O exame para a confirmação desses casos depende de análises de duas amostras de sangue, com intervalo de 14 dias entre elas.

Quatro pessoas que estiveram na Feijoada do Rosa, na Fazenda Margarida, em 27 de maio, morreram de febre maculosa. Entre elas, o piloto e empresário Douglas Costa, de 42 anos. Ele é morador de Jundiaí.

Ainda na região de Jundiaí, outro caso suspeito é investigado em Itupeva. Uma moradora procurou atendimento médico depois de sentir dores de cabeça e no corpo. Ela não esteve em Campinas.

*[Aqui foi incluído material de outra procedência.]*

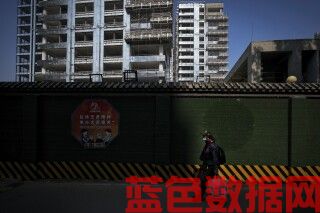 随着北京加大支持力度，中国工厂调查显示经济正在走弱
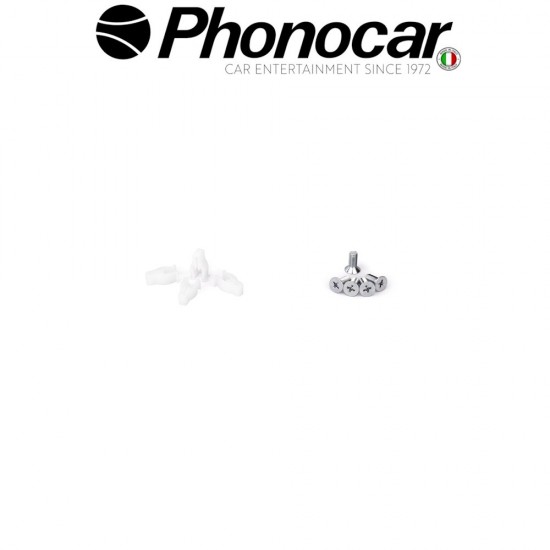 03.562 PHONOCAR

Atendimento Os sintomas da febre maculosa são febre e dor no corpo, dor de cabeça ou manchas avermelhadas pelo corpo. Caso apresente os sintomas, procure o atendimento médico imediatamente, informando que esteve em áreas verdes, independentemente de ter identificado carrapato ou picada no corpo.

O período de incubação é de dois a 14 dias. Portanto, é importante considerar exposições ocorridas nos últimos 15 dias antecedentes ao início de sintomas.

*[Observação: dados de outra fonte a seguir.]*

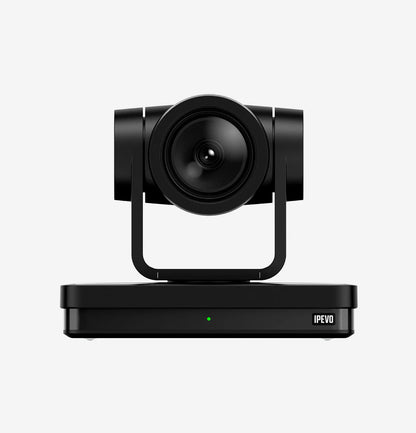 IPEVO VC-Z4K UHD 4K PTZ Camera (Black)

As pessoas com suspeita devem procurar os serviços municipais de saúde:

-Pronto Atendimento (PAs) da Ponte São João (rua Santo Antônio, 191) e Retiro (rua Maria Lúcia de Almeida, 100), que funcionam das 7h às 19h (com fechamento dos portões às 18h), PA Hortolândia (rua Campinas, 58, Vila Hortolândia), PA Central (rua João Lopes, 78, Praça Dom Pedro II), além da UPA Vetor Oeste (avenida Presbítero Manoel Antônio Dias Filho, 155), com atendimento 24h.

A Prefeitura de Jundiaí ressalta que realiza, de maneira permanente, trabalho de orientação e esclarecimento sobre febre maculosa, visto que a bactéria causadora da doença é endêmica no estado de São Paulo.

No período de inverno e seca, quando há maior risco de parasitismo, em decorrência da maior presença das formas imaturas desses artrópodes, o manejo em áreas públicas onde há circulação de animais hospedeiros de carrapatos (capivaras, bois e cavalos) é intensificado.

Febre maculosa A febre maculosa é uma doença infecciosa, causada pela bactéria Rickettsia rickettsii, que é transmitida por algumas espécies de carrapatos.

A infecção apresenta alta taxa de letalidade, mas tem cura. O tratamento deve ser iniciado precocemente com antibióticos específicos.

Sintomas Dor de cabeça intensa; Náuseas e vômitos; Diarreia e dor abdominal; Dor muscular constante; Inchaço e vermelhidão nas palmas das mãos e sola dos pés; Gangrena nos dedos e orelhas; Paralisia dos membros que inicia nas pernas e vai subindo até os pulmões causando parada respiratória. Na evolução da doença, também é comum o aparecimento de manchas vermelhas nos pulsos e tornozelos, que não coçam, mas podem aumentar em direção às palmas das mãos, braços ou solas dos pés.

Como é a transmissão? A transmissão da doença ocorre em ambientes silvestres, nos quais exista o carrapato Amblyomma cajennense, popularmente conhecido como carrapato-estrela. Para que ocorra a transmissão, é necessário que o carrapato fique fixado na pele por um período de cerca de 4 horas.

Como se proteger: Ao realizar trilhas e atividades de lazer ao ar livre, algumas precauções devem ser tomadas para evitar a febre maculosa: Evitar caminhar, sentar e deitar em gramados e em áreas de conhecida infestação de carrapatos; Em áreas silvestres, realizar vistorias no corpo em busca de carrapatos em intervalos de três horas para diminuir o risco de contrair a
doença; Se forem verificados carrapatos no corpo, não esmagar o carrapato com as unhas, pois ele pode liberar as bactérias e infectar partes do corpo com lesões; Se encontrar o parasita, ele deve ser retirado de leve com torções e com auxílio de pinça, evitando contato com as unhas. Quanto mais rápido forem retirados, menor a chance de infecção; Utilizar barreiras físicas, como calças compridas, com a parte inferior por dentro das botas ou meias grossas; Utilização de roupas claras para facilitar a visualização e retirada dos carrapatos.